Koru met Dex’s gaze, his lips twisting wryly. Chase also sniggered, although he was too busy glaring at Reuben’s reference to having regular sex with Daisy to pay attention to Dex’s reaction.
Dex decided to change the subject, not needing Reuben to remind him how desperate he was to get his leg over. “So what are you up to tonight?” he asked Koru. “Out celebrating, birthday boy?”
“Yeah. Jude should be here in a minute. We’re going to Paihia, meeting some mates and going to one of the clubs for the evening. You sure you don’t want to come along?”
There had been a time when Dex would have jumped at the chance of half a dozen beers and an evening at a nightclub with the hope of finding a pretty blonde to take home for the evening. He was only twenty-eight—the same age as Koru, and Jude and Chase were only a year younger. It was hardly old, and certainly his other three friends showed no sign of slowing down their fun-filled evenings.

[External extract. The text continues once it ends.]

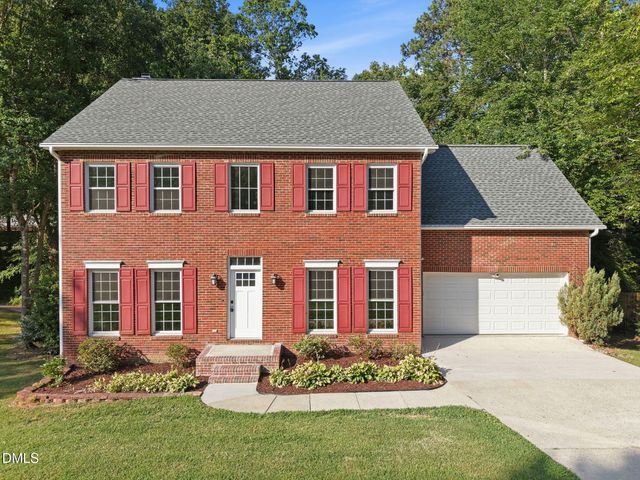 108 Rock Pointe Lane, Cary, NC 27513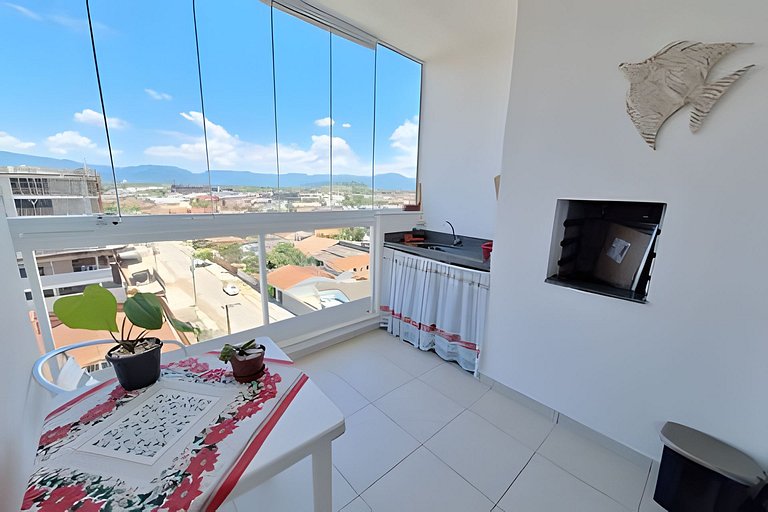 Apto com churrasqueira na varanda a 600 m do mar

But he and Honey were going to see the latest Bond movie at the cinema that evening. They’d catch a bite to eat in the restaurant next door before watching the movie, and then afterward he’d drive them back to Stormwind and they’d probably talk a walk through the paddocks to the river as the sun grew low in the sky and the cicadas sang in the bush. They’d sit on the fallen log by the swimming hole and talk about nothing and everything, about their future, and how many kids they wanted, and how they were going to decorate the house once she moved in with him. And then she’d let him kiss her, and he’d tell her all the things he was going to do to her when he finally got her into bed, and he wouldn’t want the evening to end.
“Nah,” he said. “I’m good.”
Koru nodded, his eyes warm. “Good man.”